Begleri (Greek: μπεγλέρι) is a small skill toy consisting of one or more beads at either end of a short string or chain. It can be flipped and twirled around the fingers to perform tricks. The begleri originated in Greece, and was originally derived from the komboloi, which serves the function of worry beads, and are often flipped around to pass the time or keep the hands busy. While komboloia have beads forming a closed circle, begleri beads are threaded on an open strand, usually in a symmetrical formation, with equal weighting at either end; this is sometimes referred to as "open-string begleri". Begleria come in many forms, consisting of semi-precious stone or metal beads. They can be similar in form to the percussion instrument kashaka, but are much smaller in size.

Modern revival 
Historically, begleri was associated with the Greek mangas subculture, and the rebetiko style of music, popular until the 1960s. In recent years, begleri has grown in popularity outside of Greece, as a skill toy and everyday carry item. This has led to a proliferation of begleri designs and styles, using all manner of modern materials. The recent uptick in interest among collectors and skill toy enthusiasts dates back to at least the early 2010s, when it began gaining popularity on hobbyist sites. As the popularity grew in online forums and social media, different styles of play began to emerge. A wide range of different styles of play and categories of tricks have developed, many of which can only be performed with relatively long-stringed begleri, termed "long game" by enthusiasts. 
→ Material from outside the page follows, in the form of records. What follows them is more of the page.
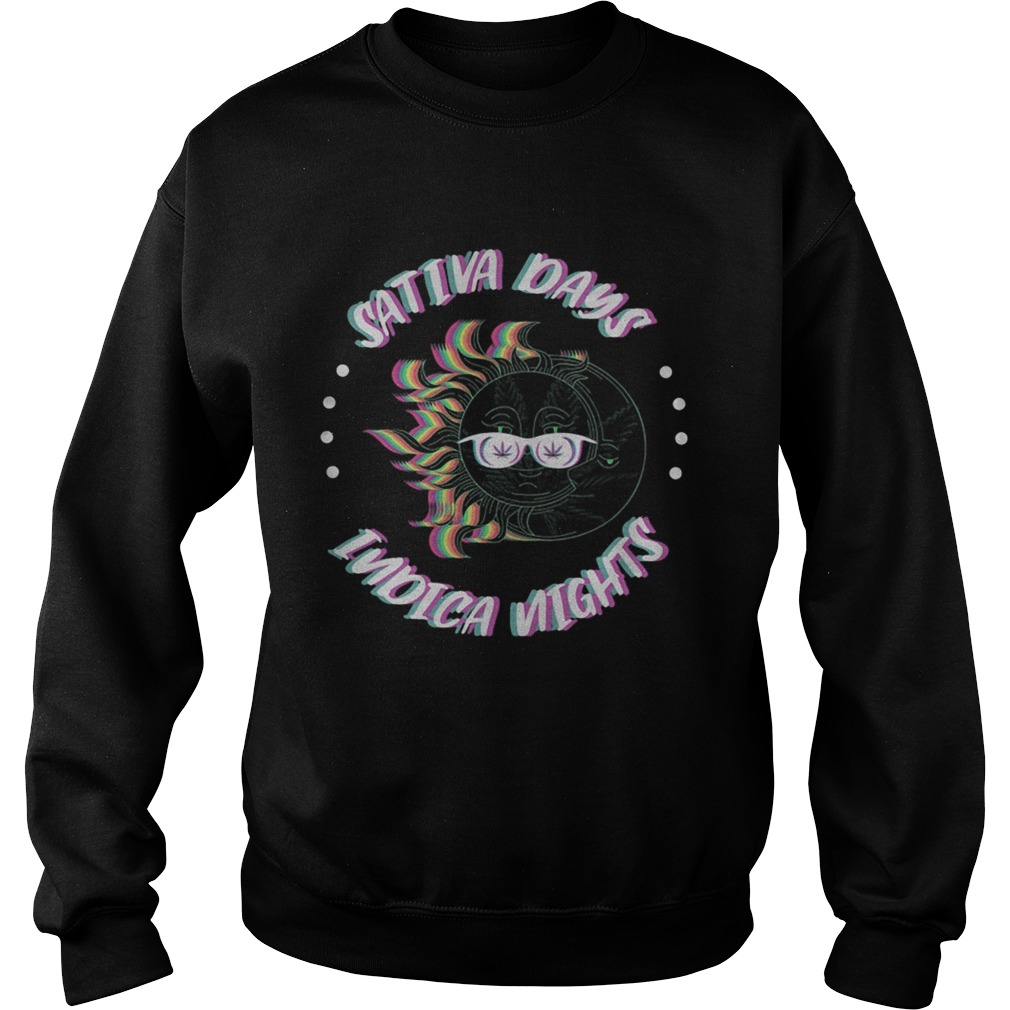 Sativa days indica ight s glasses weed fire Sweatshirt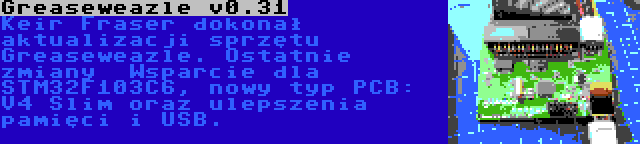 Greaseweazle v0.31 | Keir Fraser dokonał aktualizacji sprzętu Greaseweazle. Ostatnie zmiany  Wsparcie dla STM32F103C6, nowy typ PCB: V4 Slim oraz ulepszenia pamięci i USB.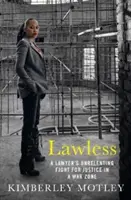 Lawless: Egy ügyvéd könyörtelen harca az igazságért a háborús övezetben - Lawless: A Lawyer's Unrelenting Fight for Justice in a War Zone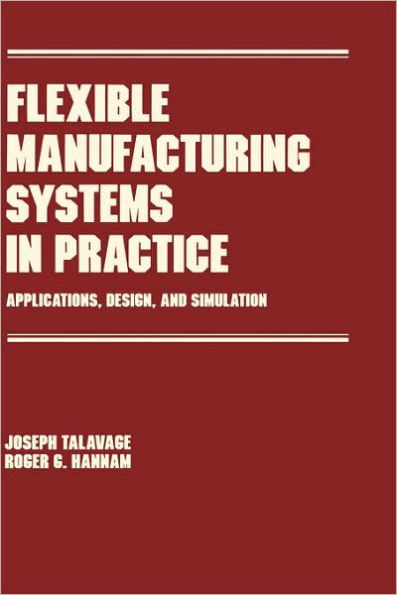 Flexible Manufacturing Systems in Practice: Design: Analysis and Simulation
Due to the nature of play, begleri have shifted from traditional ornate beads to simpler performance-oriented beads. Two common begleri types are monkey-fist "beads", made from paracord, and solid beads, which can be made of metal (aluminum, steel, titanium), acrylic resin, Delrin, or wood. Monkey-fist begleri are commonly made by people beginning to practice "slinging", the common term for begleri manipulation; solid type beads are becoming more and more common, and there are few companies that are developing new geometries of beads based on feedback from consumers.

In popular culture 
Axel Schönberg, a character in John M. Green's thriller novel The Trusted (2013), is almost always twirling a set of gold begleri in his fingers. In the NBC show Debris, the character Anson Ash, played by Scroobius Pip, can be seen slinging begleri in several scenes of season 1, episode 5.